▶ [EXERCISE PROMPT] Would you please write out each entry precisely as given?

▶ [WORKING DATA]
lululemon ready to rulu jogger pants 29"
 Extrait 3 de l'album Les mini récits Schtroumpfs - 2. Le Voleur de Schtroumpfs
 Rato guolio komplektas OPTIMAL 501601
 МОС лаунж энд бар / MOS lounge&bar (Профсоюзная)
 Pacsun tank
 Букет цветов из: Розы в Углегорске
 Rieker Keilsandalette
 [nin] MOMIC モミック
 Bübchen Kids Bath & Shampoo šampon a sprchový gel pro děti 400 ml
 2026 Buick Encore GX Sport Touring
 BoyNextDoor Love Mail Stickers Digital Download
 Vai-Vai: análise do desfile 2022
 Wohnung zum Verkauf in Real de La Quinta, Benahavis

▶ [RESPONSE]
lululemon ready to rulu jogger pants 29"
 Extrait 3 de l'album Les mini récits Schtroumpfs - 2. Le Voleur de Schtroumpfs
 Rato guolio komplektas OPTIMAL 501601
 МОС лаунж энд бар / MOS lounge&bar (Профсоюзная)
 Pacsun tank
 Букет цветов из: Розы в Углегорске
 Rieker Keilsandalette
 [nin] MOMIC モミック
 Bübchen Kids Bath & Shampoo šampon a sprchový gel pro děti 400 ml
 2026 Buick Encore GX Sport Touring
 BoyNextDoor Love Mail Stickers Digital Download
 Vai-Vai: análise do desfile 2022
 Wohnung zum Verkauf in Real de La Quinta, Benahavis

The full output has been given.